The one constantly positive thing that is refreshing about the Pittsburgh Pirates that is Manager Clint Hurdle.
Hurdle embraces the dumpster diving tendencies of the franchise – their lack of budget for player talent and their never ending list of reclamation projects.
In turn, the franchise allows Hurdle room to pursue his visionary tendencies to at least think about doing everything differently.
Enter Andrew McCutchen. The Pirates uber star and biggest bat.
Last year, McCutchen hit third in the Pirates lineup. Not surprisingly, 158 times that he came up to bat the bases were empty (second in the majors).

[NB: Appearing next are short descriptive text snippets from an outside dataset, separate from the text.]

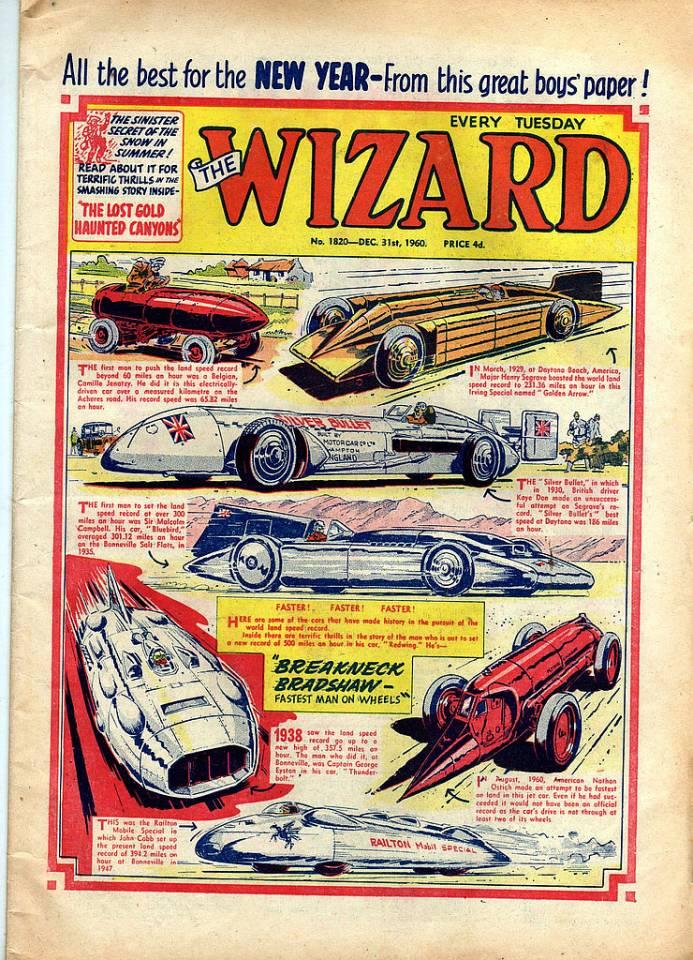 The Wizard #1820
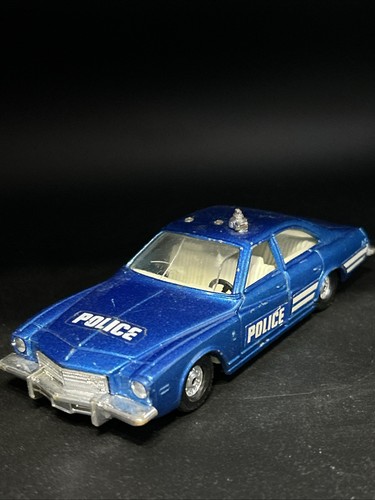 1970 buick regal - police, corgi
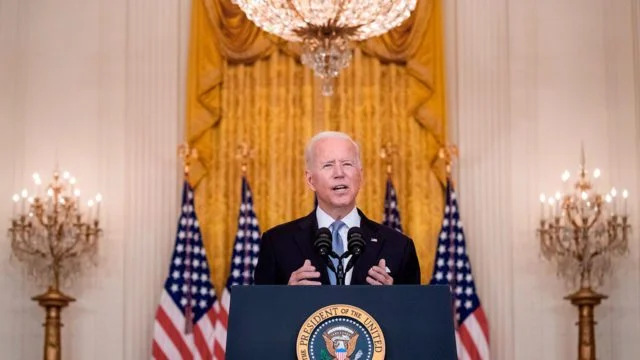 Biden pide al Congreso 14,300 mdd para Israel y 61,400 mdd para Ucrania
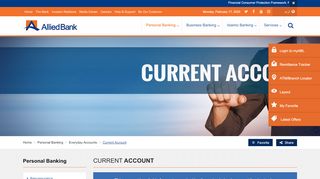 
                            12. Current Account - Allied Bank Limited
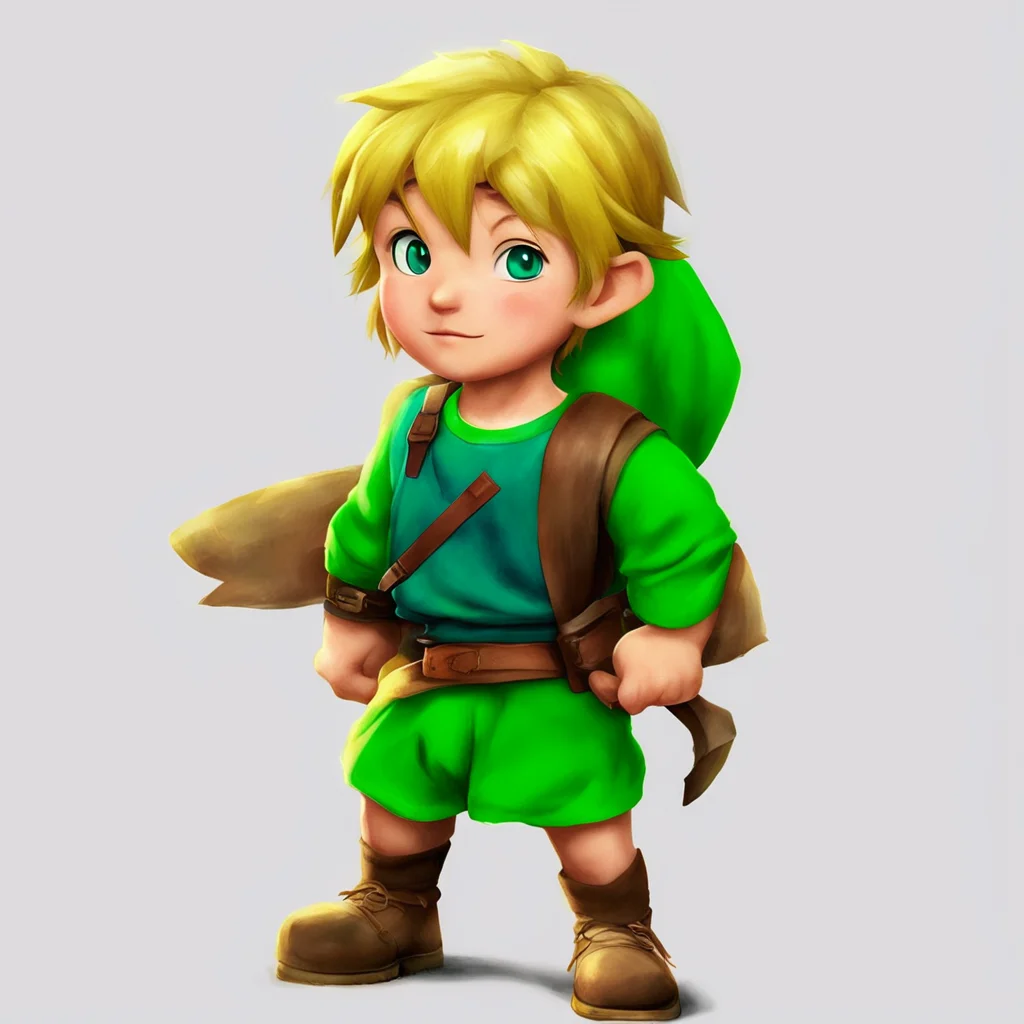 nostalgic colorful Young Link mm Young Link mm Hello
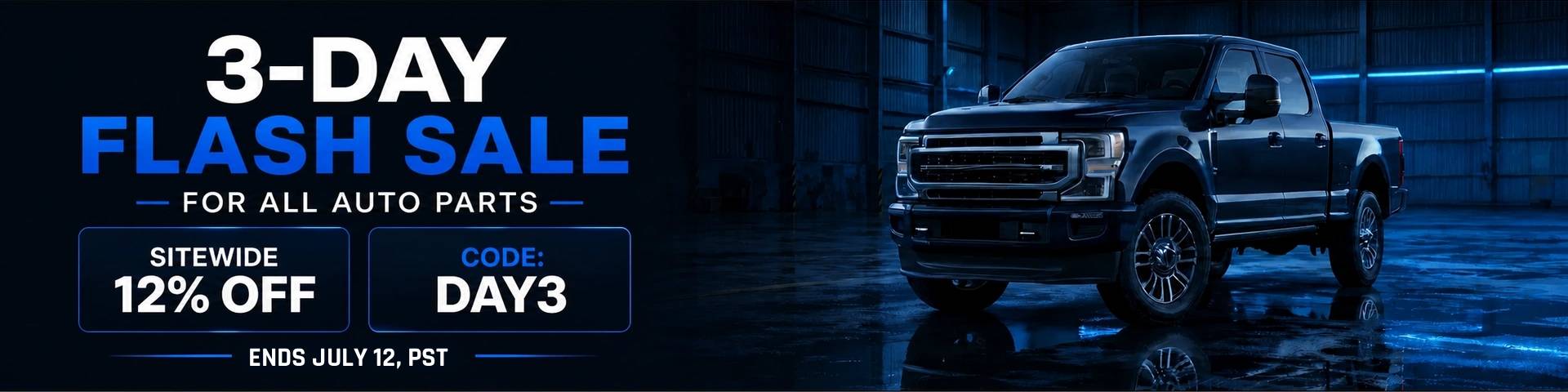3 DAY FLASH SALE 12%OFF WITH CODE: DAY3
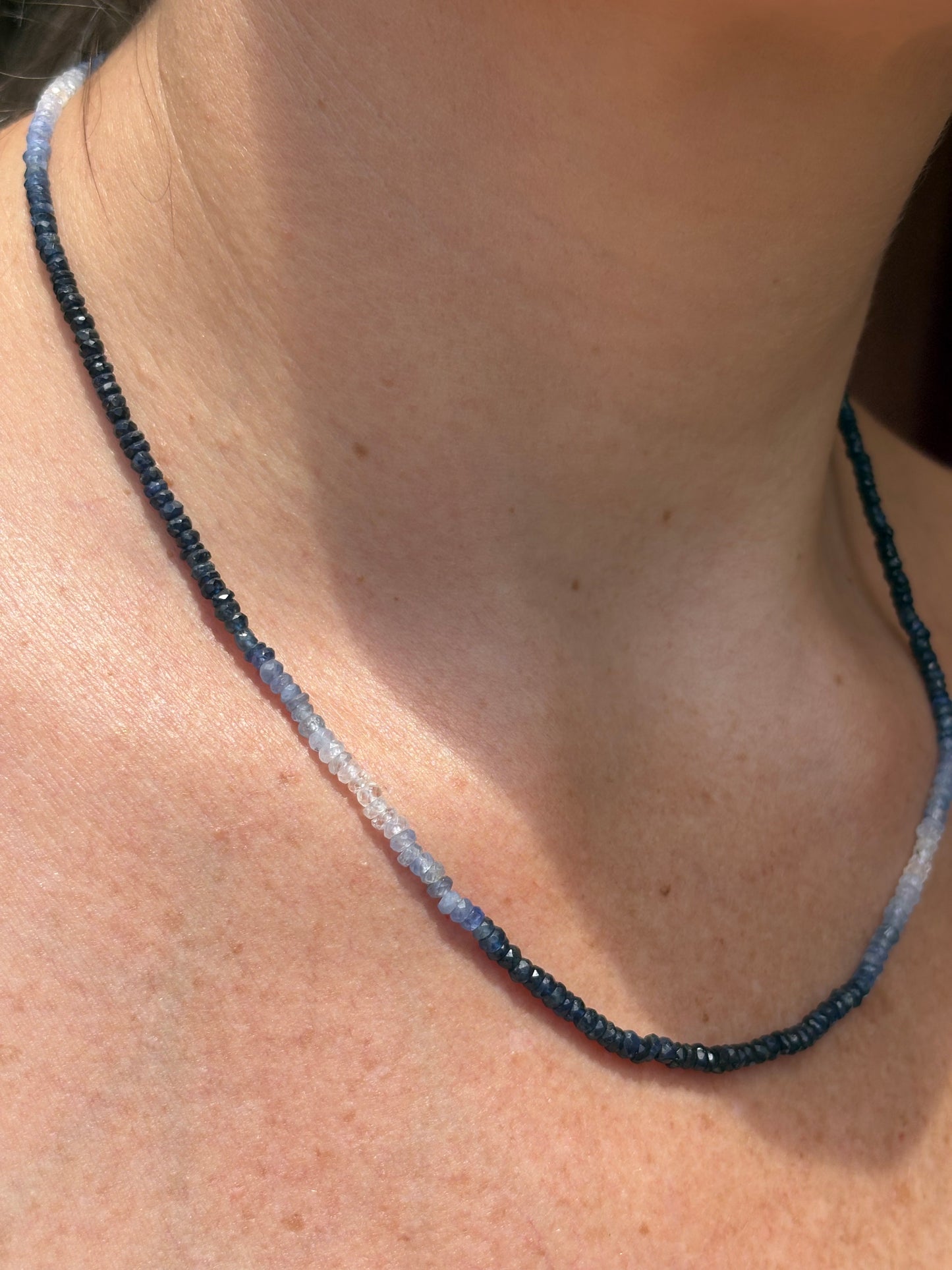 Collar Multi Zafiros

For Hurdle and the rest of the management staff, it raised a tantalizing question:
What if McCutchen batted second instead?
Here is what Hurdle had to say about the possibility to Jayson Stark of ESPN:
"“It’s about lineup construction, and the number of at-bats you get, and the weight that you put on the outs you make in those different spots,” Hurdle said. “It’s still an optimum place to hit, but it’s weighted differently now. When you look at it, most of the models that are put together are based on on-base production (from) guys at the top three out of four spots. So you still want a guy (hitting third) who can swing the bat and do some things. But it’s not the same, because the highest percentage of the time, they go up with two outs and nobody on.”"
Whether it comes to pass or not, we’ll only need to wait and see. But it does serve to remind us of one great fact. Hurdle is playing to win and continuously thinking about things in a different way than most of the competition. It’s good for the Pirates. It’s good for fans.
It’s just too bad General Manager Neal Huntington couldn’t convince owner Bob Nutting that there is more to winning than Hurdle’s visionary tactics and Ray Searage’s repeated reclamation successes. This team needed to pony up for some new starting pitchers.